I think they sell Burgen Soya & Linseed bread.  I would imagine your small Tesco won't stock that.


----------



## Naty (Feb 2, 2018)

Mark Parrott said:


> I think they sell Burgen Soya & Linseed bread.  I would imagine your small Tesco won't stock that.



Actually, our Tesco does have that - but you have to make sure you get in early or they run out!  Currently have a loaf and a half in the freezer


----------



## HOBIE (Feb 2, 2018)

It does you good to have a change now & again. Tesco are pretty good. Good luck


----------



## Amigo (Feb 2, 2018)

I was in Sainsbury’s yesterday and heard a manager saying the growth of Aldi and Lidl in our area was really affecting trade.


----------



## Naty (Feb 9, 2018)

I have just come back from our local Sainsbury's and found Aunt Bessie's vegetable chips and Oppo ice cream, neither of which are in Tesco here.



Amigo said:


> I was in Sainsbury’s yesterday and heard a manager saying the growth of Aldi and Lidl in our area was really affecting trade.

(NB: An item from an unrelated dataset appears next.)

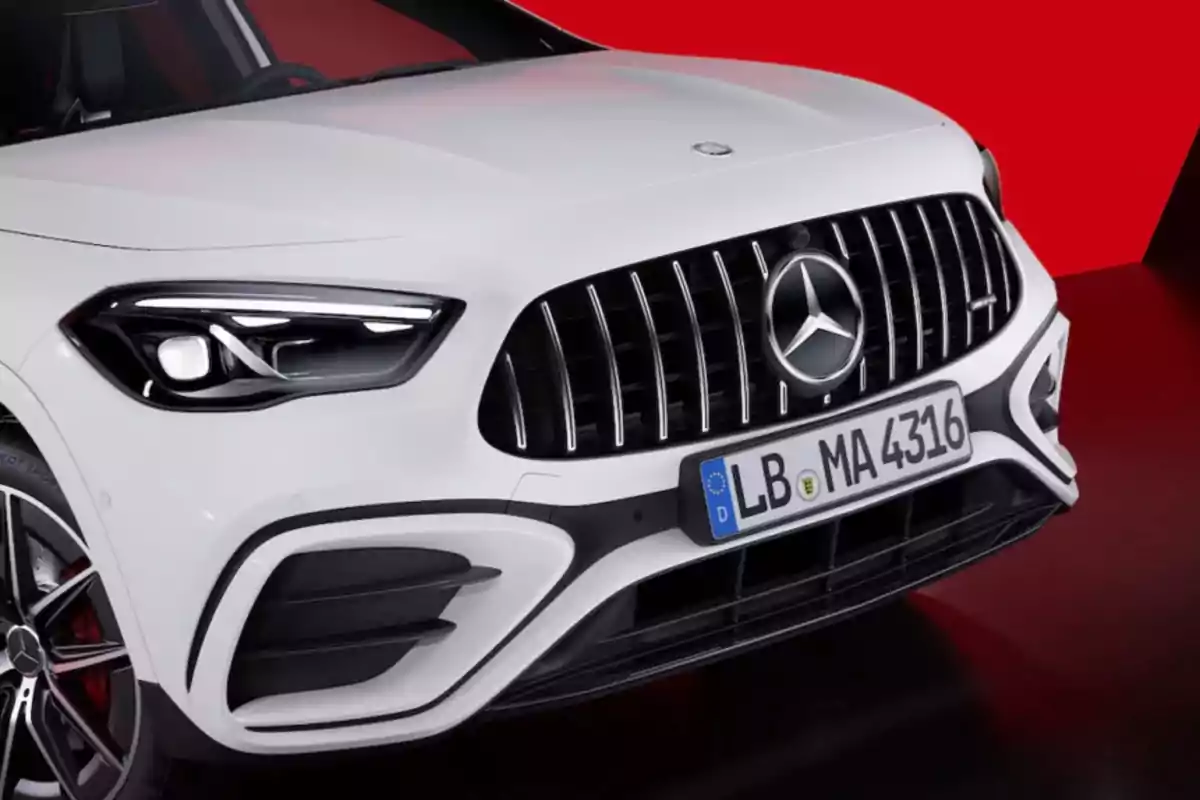 Frontal de un automóvil blanco con parrilla distintiva y placa de matrícula sobre un fondo rojo. Frontal de un automóvil blanco con parrilla distintiva y placa de matrícula sobre un fondo rojo.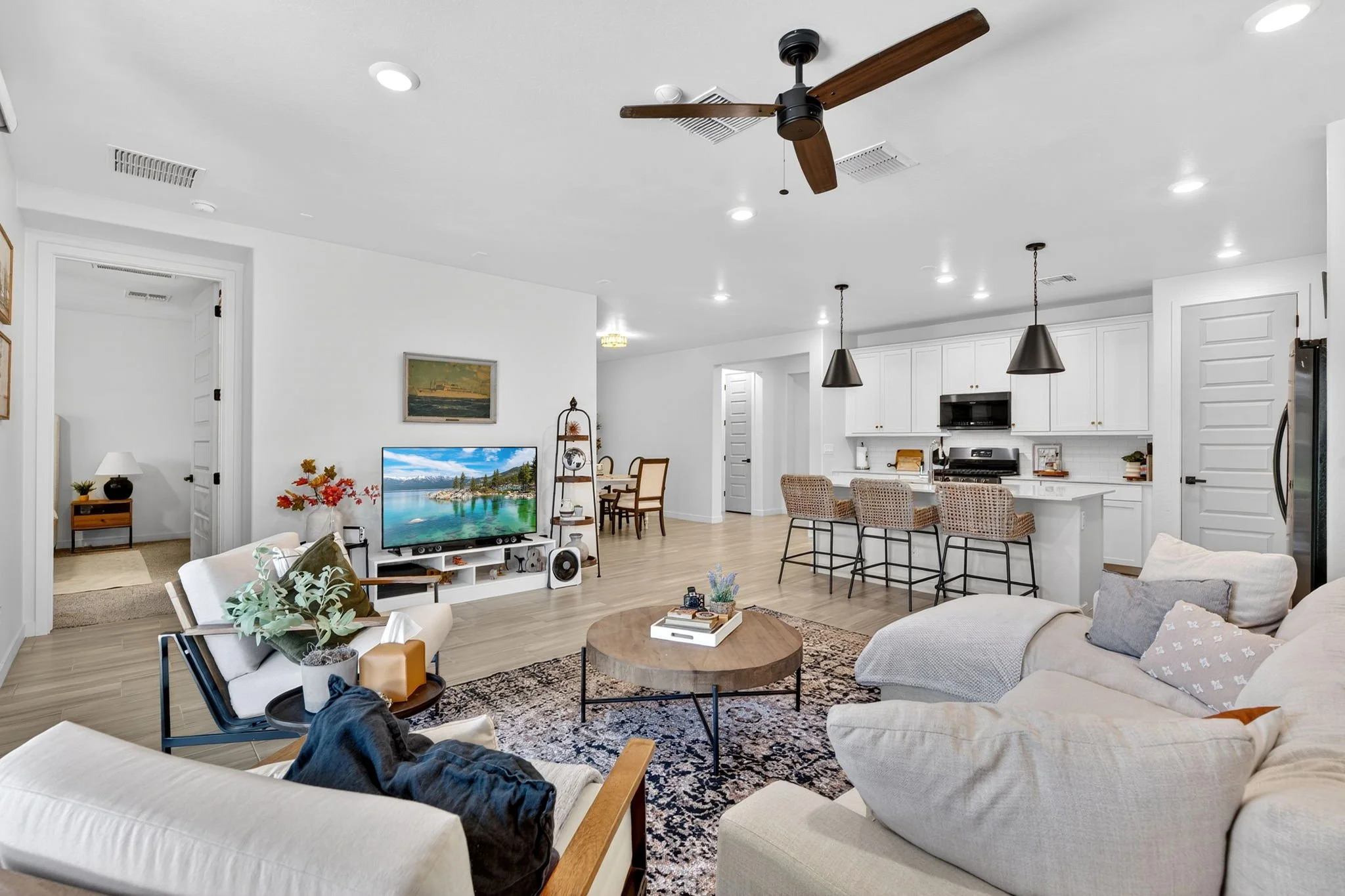 A spacious open-concept living room with white walls, wood flooring, and modern furniture. There is a large white sectional sofa, a black armchair, a round coffee table, and a patterned rug. A flat-screen TV displays a scenic landscape and is placed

We don't have either here - nearest Aldi is 16 miles away and the nearest Lidl 5!  We have to plan ahead for those


----------



## Beck S (Feb 9, 2018)

Yep, Sainsburys sell Oppo, which is the lowest carb content Ice Cream I've found that's also nice. The chocolate and hazlenut flavour is lovely. Which flavour did you get?


----------



## Mark Parrott (Feb 9, 2018)

Naty said:


> I have just come back from our local Sainsbury's and found Aunt Bessie's vegetable chips and Oppo ice cream, neither of which are in Tesco here.
> 
> 
> 
> We don't have either here - nearest Aldi is 16 miles away and the nearest Lidl 5!  We have to plan ahead for those


The veg chips are nice & don't affect my BG levels much.


----------



## Drummer (Feb 9, 2018)

Whenever I am in a supermarket I cruise the frozen fruit and veges - even if it is just a different branch, as there can be big differences in what is stocked.


----------



## Naty (Feb 10, 2018)

Beck S said:


> Yep, Sainsburys sell Oppo, which is the lowest carb content Ice Cream I've found that's also nice. The chocolate and hazlenut flavour is lovely. Which flavour did you get?




I got that flavour as well - thought my OH would like that the best.  Not tried it yet though


----------



## Beck S (Feb 13, 2018)

Mark Parrott said:


> The veg chips are nice & don't affect my BG levels much.


I've just discovered these.  Very tasty.


----------